§ **What is needed**
Could you retype, exactly as written, every line from the top of the records through the line that contains "Schwedische Silber Kaffeegarnitur"?

(Short web captions)

*** Block opens ***

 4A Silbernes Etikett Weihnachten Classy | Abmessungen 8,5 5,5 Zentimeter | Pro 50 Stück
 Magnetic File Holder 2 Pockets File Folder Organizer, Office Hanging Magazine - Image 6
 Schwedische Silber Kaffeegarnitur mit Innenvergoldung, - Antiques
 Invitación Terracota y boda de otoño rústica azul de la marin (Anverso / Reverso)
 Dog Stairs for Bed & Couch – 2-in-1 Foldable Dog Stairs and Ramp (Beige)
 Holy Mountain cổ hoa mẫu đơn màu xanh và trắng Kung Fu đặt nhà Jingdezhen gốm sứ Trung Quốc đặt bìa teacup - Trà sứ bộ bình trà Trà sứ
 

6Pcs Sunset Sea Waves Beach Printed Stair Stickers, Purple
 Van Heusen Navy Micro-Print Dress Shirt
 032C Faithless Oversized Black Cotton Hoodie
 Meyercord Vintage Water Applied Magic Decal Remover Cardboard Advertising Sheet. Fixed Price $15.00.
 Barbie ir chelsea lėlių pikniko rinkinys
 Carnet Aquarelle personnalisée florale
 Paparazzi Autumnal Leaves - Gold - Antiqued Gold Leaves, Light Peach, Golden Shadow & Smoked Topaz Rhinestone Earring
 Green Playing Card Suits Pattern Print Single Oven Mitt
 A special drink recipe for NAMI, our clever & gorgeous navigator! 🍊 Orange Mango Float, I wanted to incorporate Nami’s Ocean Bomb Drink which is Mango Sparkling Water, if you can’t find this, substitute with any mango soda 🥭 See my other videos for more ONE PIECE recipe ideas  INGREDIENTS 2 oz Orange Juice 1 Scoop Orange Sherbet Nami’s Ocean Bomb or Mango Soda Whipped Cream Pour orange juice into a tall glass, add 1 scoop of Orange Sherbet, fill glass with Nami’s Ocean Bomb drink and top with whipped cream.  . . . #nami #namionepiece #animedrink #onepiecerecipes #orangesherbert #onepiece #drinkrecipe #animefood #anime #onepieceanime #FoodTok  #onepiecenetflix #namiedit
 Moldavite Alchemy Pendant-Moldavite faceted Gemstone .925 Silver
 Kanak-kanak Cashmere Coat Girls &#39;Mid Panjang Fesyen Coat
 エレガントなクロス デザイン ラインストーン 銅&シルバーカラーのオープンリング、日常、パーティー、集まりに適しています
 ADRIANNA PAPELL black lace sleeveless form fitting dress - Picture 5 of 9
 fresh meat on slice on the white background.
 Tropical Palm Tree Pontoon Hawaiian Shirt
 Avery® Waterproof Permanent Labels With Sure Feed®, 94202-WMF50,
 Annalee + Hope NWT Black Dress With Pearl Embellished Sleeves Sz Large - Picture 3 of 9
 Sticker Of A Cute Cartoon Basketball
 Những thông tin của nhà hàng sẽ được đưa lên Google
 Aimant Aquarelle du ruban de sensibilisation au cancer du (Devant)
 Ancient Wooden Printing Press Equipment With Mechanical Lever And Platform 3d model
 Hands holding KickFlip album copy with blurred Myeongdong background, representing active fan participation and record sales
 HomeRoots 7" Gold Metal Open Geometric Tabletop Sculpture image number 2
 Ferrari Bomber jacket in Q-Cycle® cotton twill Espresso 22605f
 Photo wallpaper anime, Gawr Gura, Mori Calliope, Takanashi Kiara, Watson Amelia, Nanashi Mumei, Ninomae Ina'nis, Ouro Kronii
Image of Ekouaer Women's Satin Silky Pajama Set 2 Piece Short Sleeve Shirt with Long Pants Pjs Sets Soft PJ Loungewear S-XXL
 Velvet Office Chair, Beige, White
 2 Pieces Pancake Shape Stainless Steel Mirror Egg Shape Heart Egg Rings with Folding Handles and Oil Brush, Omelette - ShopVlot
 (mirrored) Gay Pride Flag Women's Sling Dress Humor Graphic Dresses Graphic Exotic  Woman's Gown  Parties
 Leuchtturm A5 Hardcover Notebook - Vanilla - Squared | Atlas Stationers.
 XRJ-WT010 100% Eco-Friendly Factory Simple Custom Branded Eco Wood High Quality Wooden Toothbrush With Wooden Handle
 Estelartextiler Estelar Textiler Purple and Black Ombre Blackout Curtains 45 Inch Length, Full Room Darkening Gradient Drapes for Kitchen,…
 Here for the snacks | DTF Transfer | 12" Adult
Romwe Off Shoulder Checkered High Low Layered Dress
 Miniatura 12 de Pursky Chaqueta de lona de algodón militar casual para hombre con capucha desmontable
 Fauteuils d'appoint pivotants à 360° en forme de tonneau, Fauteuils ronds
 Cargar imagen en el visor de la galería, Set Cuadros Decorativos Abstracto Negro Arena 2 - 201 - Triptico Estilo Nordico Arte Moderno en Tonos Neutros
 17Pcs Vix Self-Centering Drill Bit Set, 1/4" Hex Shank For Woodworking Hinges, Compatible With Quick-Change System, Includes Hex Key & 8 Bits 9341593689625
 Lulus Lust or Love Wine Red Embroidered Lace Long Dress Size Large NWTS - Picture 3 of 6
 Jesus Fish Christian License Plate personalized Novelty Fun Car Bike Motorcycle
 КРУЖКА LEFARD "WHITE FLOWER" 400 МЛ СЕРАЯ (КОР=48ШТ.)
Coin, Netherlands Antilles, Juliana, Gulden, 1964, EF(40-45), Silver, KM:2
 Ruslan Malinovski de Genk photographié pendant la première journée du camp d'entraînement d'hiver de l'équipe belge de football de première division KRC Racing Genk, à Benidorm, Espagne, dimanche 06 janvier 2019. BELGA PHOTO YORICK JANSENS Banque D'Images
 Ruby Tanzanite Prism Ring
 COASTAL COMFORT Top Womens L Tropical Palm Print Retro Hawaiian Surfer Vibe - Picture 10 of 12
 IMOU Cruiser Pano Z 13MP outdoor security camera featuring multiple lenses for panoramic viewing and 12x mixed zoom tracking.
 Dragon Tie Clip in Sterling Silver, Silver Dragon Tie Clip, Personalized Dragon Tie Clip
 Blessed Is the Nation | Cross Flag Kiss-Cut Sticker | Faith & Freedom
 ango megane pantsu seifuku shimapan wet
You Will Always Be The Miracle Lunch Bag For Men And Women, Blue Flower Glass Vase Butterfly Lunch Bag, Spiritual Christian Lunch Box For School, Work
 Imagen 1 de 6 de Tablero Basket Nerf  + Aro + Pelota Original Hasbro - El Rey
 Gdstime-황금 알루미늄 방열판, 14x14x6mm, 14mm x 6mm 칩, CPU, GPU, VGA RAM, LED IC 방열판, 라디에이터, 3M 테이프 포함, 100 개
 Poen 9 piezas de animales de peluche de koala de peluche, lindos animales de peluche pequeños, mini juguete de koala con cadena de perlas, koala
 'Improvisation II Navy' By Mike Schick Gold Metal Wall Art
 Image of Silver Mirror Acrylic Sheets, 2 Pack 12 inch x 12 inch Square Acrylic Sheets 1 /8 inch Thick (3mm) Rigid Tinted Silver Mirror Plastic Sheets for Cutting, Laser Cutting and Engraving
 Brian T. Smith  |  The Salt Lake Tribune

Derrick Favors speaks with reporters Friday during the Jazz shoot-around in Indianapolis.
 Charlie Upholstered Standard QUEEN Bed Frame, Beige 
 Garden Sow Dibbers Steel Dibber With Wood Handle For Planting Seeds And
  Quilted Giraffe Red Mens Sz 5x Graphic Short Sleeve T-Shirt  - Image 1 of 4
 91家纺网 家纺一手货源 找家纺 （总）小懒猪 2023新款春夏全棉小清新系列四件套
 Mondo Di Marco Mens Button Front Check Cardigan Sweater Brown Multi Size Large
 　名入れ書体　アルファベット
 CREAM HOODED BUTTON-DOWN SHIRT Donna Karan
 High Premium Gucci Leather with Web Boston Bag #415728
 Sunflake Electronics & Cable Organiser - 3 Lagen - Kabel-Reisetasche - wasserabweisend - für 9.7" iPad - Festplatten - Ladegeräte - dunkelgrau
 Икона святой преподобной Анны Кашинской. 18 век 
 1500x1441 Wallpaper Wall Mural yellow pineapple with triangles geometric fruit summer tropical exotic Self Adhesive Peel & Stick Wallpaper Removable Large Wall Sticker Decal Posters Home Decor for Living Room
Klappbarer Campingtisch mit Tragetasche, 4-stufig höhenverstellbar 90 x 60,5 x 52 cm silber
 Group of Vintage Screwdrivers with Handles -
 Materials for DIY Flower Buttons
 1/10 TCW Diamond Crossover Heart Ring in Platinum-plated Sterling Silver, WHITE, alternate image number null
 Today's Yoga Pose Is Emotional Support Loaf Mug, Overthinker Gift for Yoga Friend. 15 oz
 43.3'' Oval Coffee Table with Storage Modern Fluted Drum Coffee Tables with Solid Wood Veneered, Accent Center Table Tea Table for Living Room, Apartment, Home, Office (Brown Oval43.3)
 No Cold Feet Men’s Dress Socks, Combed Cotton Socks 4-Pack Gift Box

*** Block closes ***

§ **Expected output**
 4A Silbernes Etikett Weihnachten Classy | Abmessungen 8,5 5,5 Zentimeter | Pro 50 Stück
 Magnetic File Holder 2 Pockets File Folder Organizer, Office Hanging Magazine - Image 6
 Schwedische Silber Kaffeegarnitur mit Innenvergoldung, - Antiques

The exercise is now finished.